Der Hauptweg, über den sich Ihr Computer heute mit Schädlingen infizieren kann, sind ganz normale Internet-Seiten. Im Gegensatz zur Phishing-Mail, bei der Sie den Trojaner durch eingenhändiges Klicken in Ihr System laden, haben Sie beim Surfen im Internet keine Chance, sich zu wehren, weil Sie es nicht einmal bemerken - es sei denn, Sie verwenden einen Script-Blocker, wie "NoScript".

"Das größte Risiko für den Computer sitzt immer noch vor der Tastatur", war der Lieblingsspruch von Georg Schnurer (stellvertretender c’t-Chefredakteur) in der einstigen Fernsehsendung c’t magazin.tv. Das stimmt zwar immer noch, aber oftmals hat selbst der beste Spezialist keine Chance, wenn es sich um einen sog. "Drive-by-Download" handelt. Allein der Aufruf einer infizierten Internetseite kann ausreichen, den Rechner mit Schadsoftware zu verseuchen. Leider sind solche infektiöse Seiten inzwischen nicht mehr nur in der Schmuddelecke des Internets angesiedelt, sondern können durchaus ansonsten harmlose Info-Seiten oder seriöse Web-Shops sein, deren Betreiber auf ihrem Server nicht ganz auf dem neuesten Stand sind. Wenn es Bösewichte schaffen, die Betriebssoftware durch irgendein aktuelles Sicherheitsloch zu durchdringen, sind sie in der Lage, die Seiten so zu manipulieren, dass die Computer der Besucher "im Vorübergehen" kompromittiert werden.

Folgendes können Sie dagegen tun:

  1. Halten Sie Ihren Computer und dessen Software auf dem neuesten Stand, damit bleibt die Angriffsfläche für bekannte Ungeziefer-Schlupflöcher klein.
  2. Installieren Sie einen Antivirus-Schutz, aber verlassen Sie sich nicht 100-%-ig auf ihn.
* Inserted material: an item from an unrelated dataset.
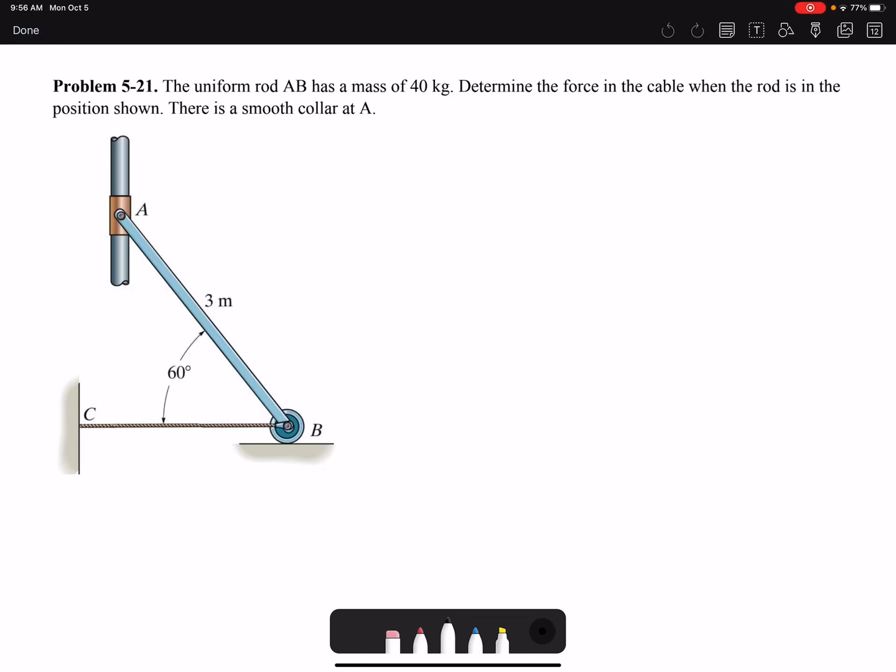Hello everyone. In this video we are going to solve problem 21 of chapter 5. The uniform rod AB has a mass of 40 kilograms. Determine the force in the cable when the rod is in the position shown.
Das klingt paradox, aber es gibt in diesem Leben sowieso keine absolute Sicherheit und Antiviren-Software schafft es, maximal ca. 80 % der Gefahren abzuwehren.
  3. Klicken Sie in Mails unbekannter Herkunft niemals auf einen Link - s. mein Tipp "Der klassische Phishing-Betrugsversuch.
  4. Installieren Sie einen JavaScript-Blockierer, wie z.B. "NoScript" für Firefox in Ihrem Browser.

Gerade diesen letzten Punkt halte ich für besonders wichtig und effektiv, denn NoScript sperrt den Datenfluss bereits, bevor irgendein Bit auf Ihren Computer übertragen wird. Es unterscheidet dabei nicht einmal zwischen "Gut" und "Böse", sondern es blockiert einfach. Diese Vorgehensweise hat einige Vor- allerdings auch Nachteile:

+ Potentielle Schädlinge werden nicht an ihren Computer heran gelassen. Der Antivirus dagegen, kann erst wirksam werden, wenn die böse Datei bereits auf Ihrem Computer gelandet ist.

+ Auch "halb-gute" Sachen, wie unerwünschte Werbung, die einem mit viel Geblinke den Bildschirm zumüllen und vom eigentlichen Inhalt ablenken, werden i.d.R. geblockt.

+ Die Seiten bauen sich schneller auf, weil weniger Daten fließen.

+ Spähprogramme, die versuchen, Sie als Individuum wiederzuerkennen und Ihr Surfverhalten analysieren, um so ein möglichst genaues Konsumentenprofil von Ihnen anzulegen, werden wirksam ausgebremst. Auf praktisch jeder Internet-Seite laufen heute Module, wie Google-Analytics, Facebook- und weitere Analysemodule.

- Viele Seiten funktionieren nicht oder nicht mehr richtig, wenn JavaScript nicht ausgeführt wird. Die Blockade muss daher einige Dinge differenzieren und oft sind Sie als Anwender gefragt und müssen fallweise einzelne Module frei schalten. Das verringert den Bedienkomfort. Die genannten Vorteile sollten Ihnen das aber auf jeden Fall wert sein.

In einem kommenden PC-Tipp werde ich Ihnen eine Kurzanleitung geben, wie Sie NoScript installieren, optimal konfigurieren und im laufenden Betrieb damit umgehen.